§ **PROBLEM**: Starting at the line that holds "你也是僵尸粉嘛 第24页", restate every line word for word up to and including the last one in the listing below, and omit all pictures.

§ **PROVIDED DATA**:

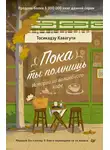 Тосикадзу Кавагути - Пока ты помнишь. Истории из волшебного кафе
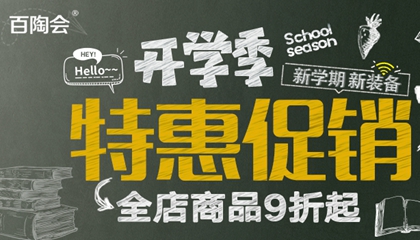 開(kāi)學(xué)季！新學(xué)期！新福利！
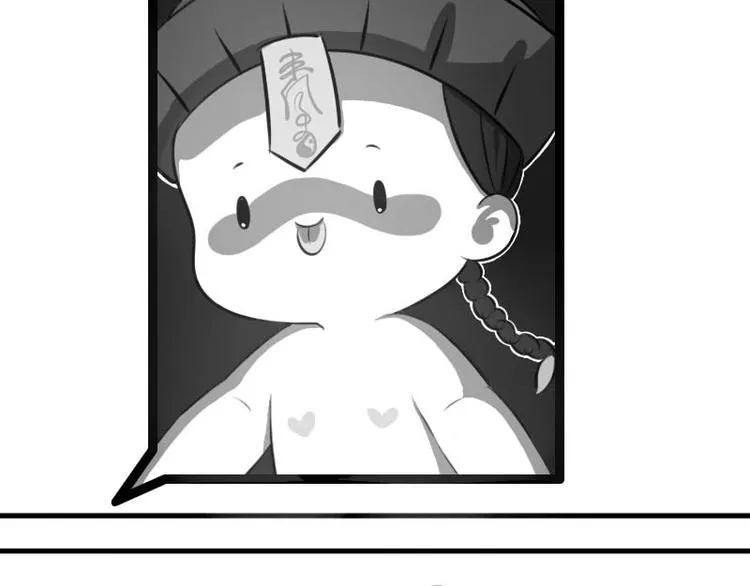 你也是僵尸粉嘛 第24页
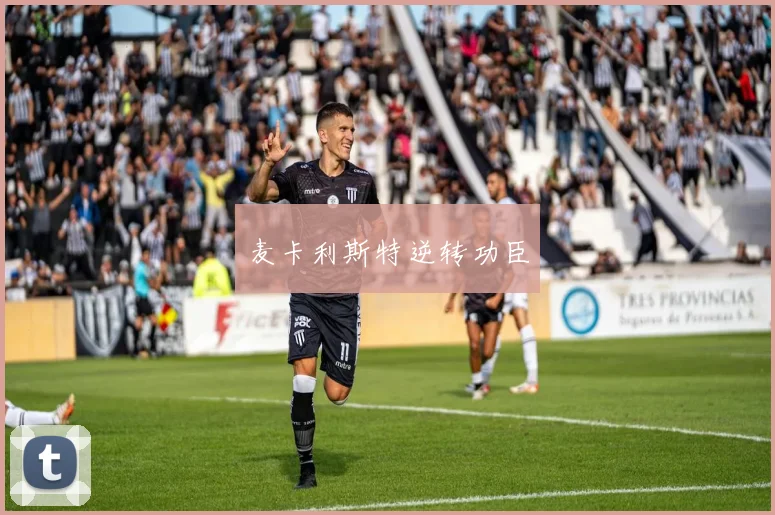 麦卡利斯特逆转功臣 - 星空app登录入口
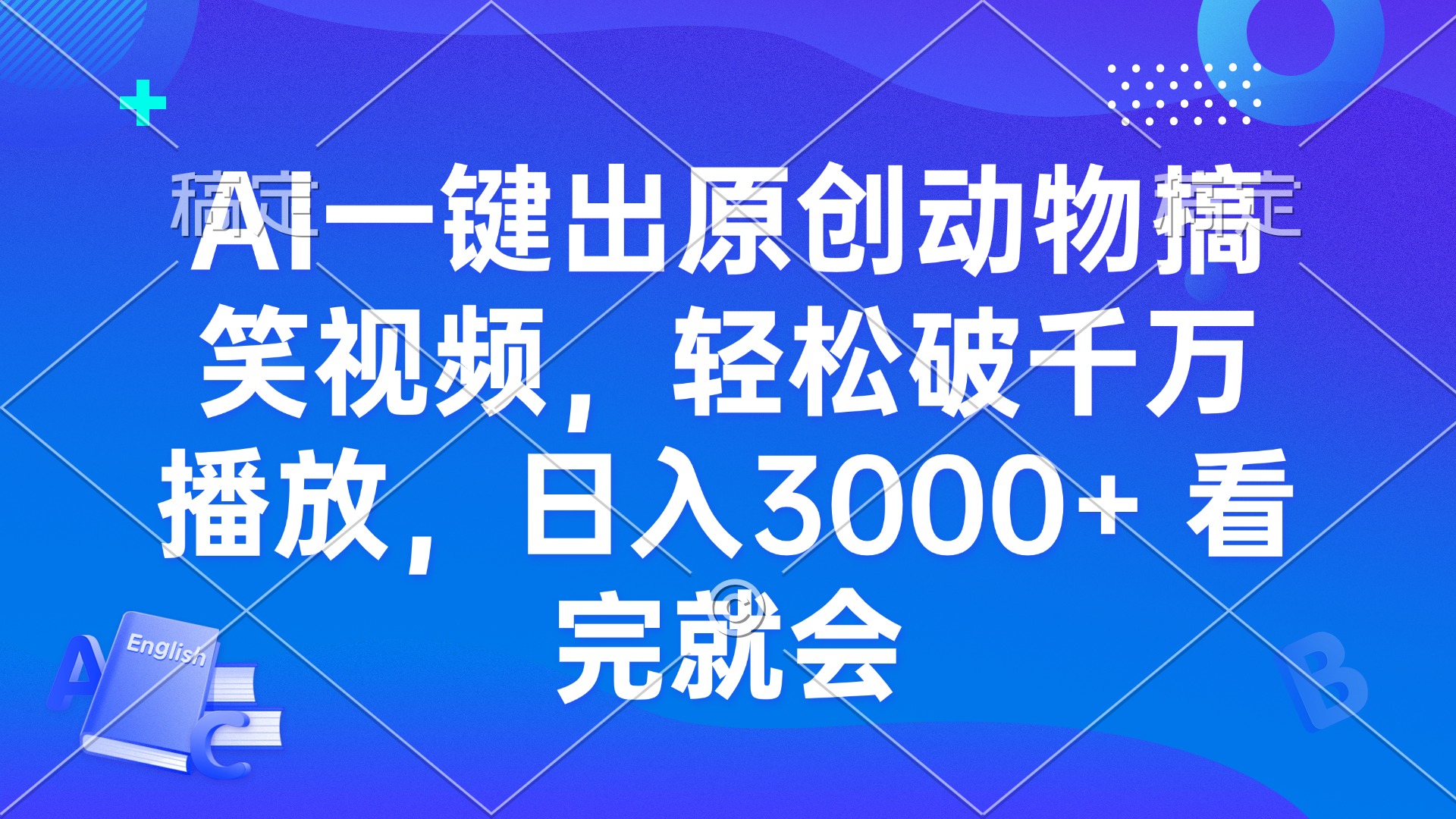 AI一键出原创动物搞笑视频，轻松破千万播放，日入3000+ 看完就会-知芽创业社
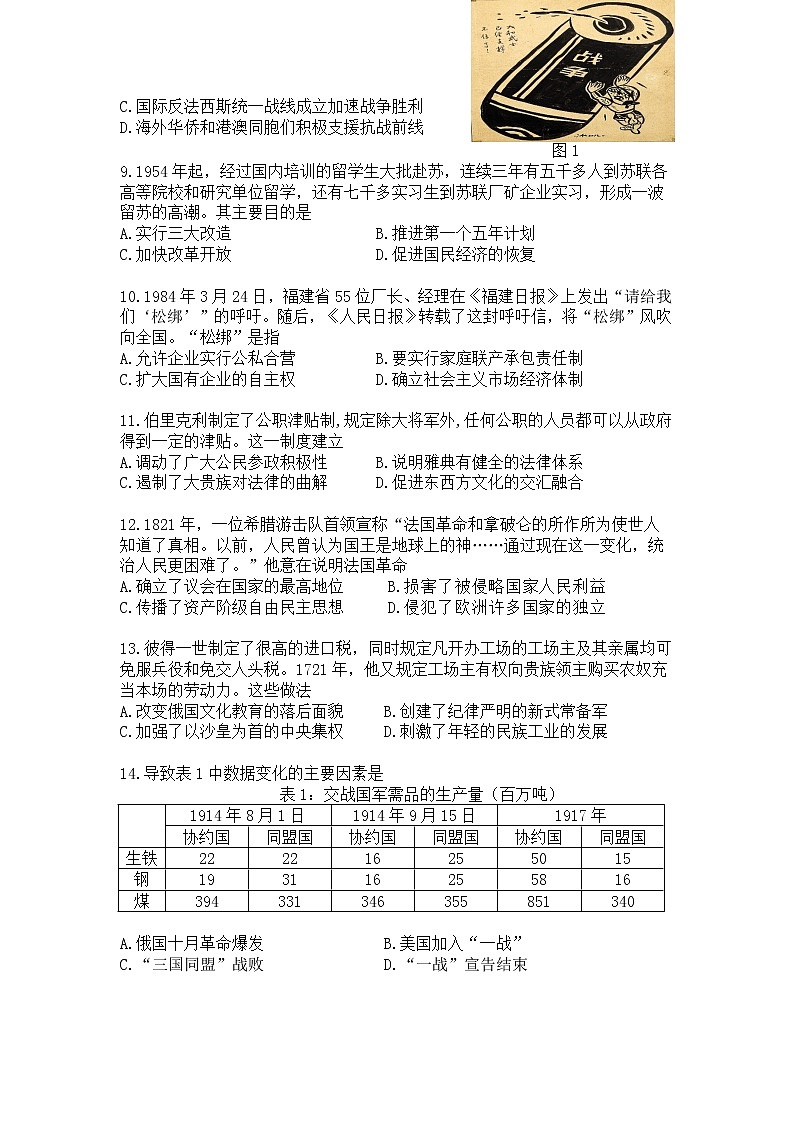 2023年安徽省合肥市第四十八中学中考一模历史试题（含答案）02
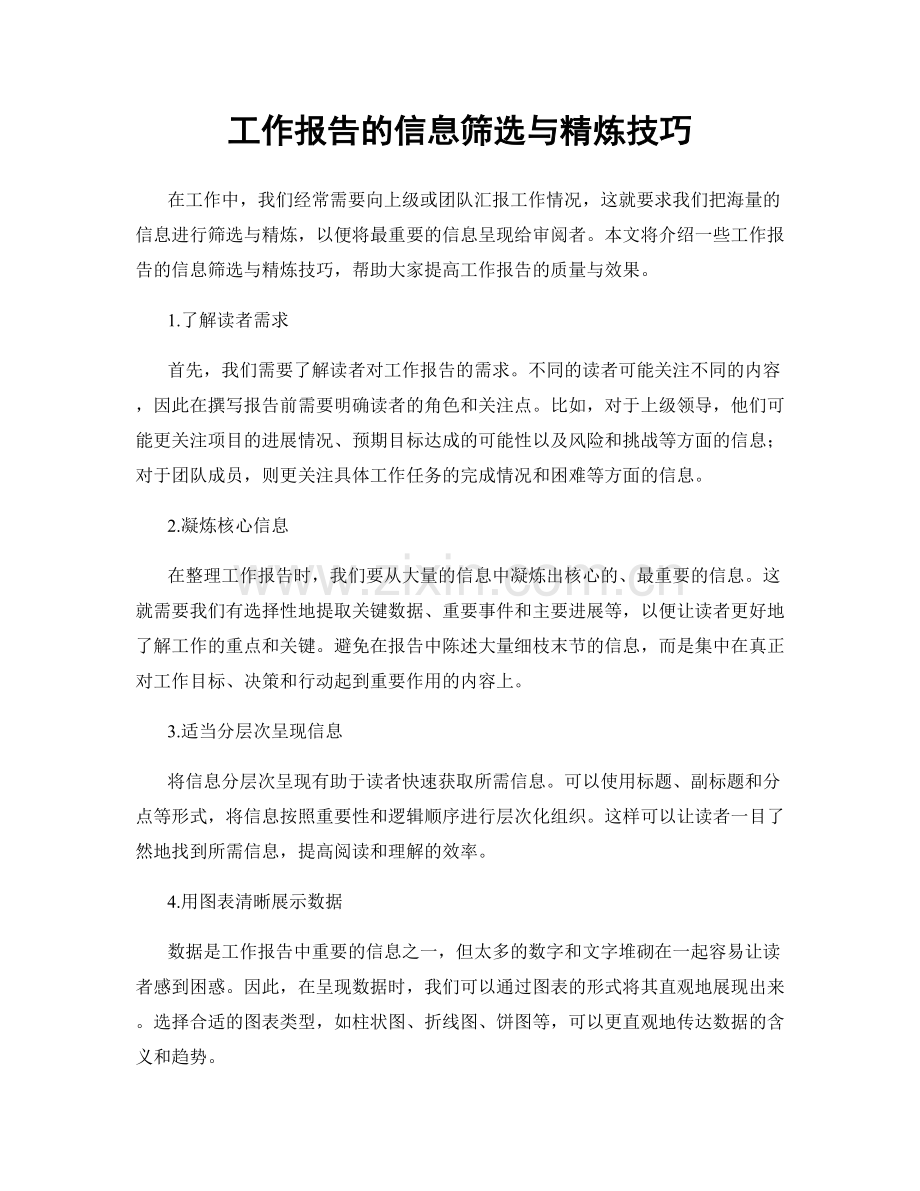 工作报告的信息筛选与精炼技巧.docx_第1页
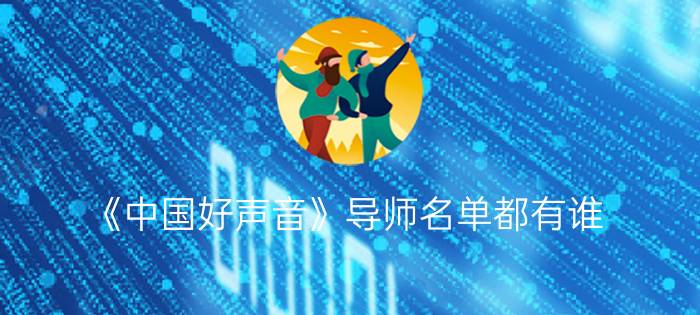 《中国好声音》导师名单都有谁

§ **ANSWER SECTION**:
 你也是僵尸粉嘛 第24页
 麦卡利斯特逆转功臣 - 星空app登录入口
 AI一键出原创动物搞笑视频，轻松破千万播放，日入3000+ 看完就会-知芽创业社
 2023年安徽省合肥市第四十八中学中考一模历史试题（含答案）02
 工作报告的信息筛选与精炼技巧.docx_第1页
 《中国好声音》导师名单都有谁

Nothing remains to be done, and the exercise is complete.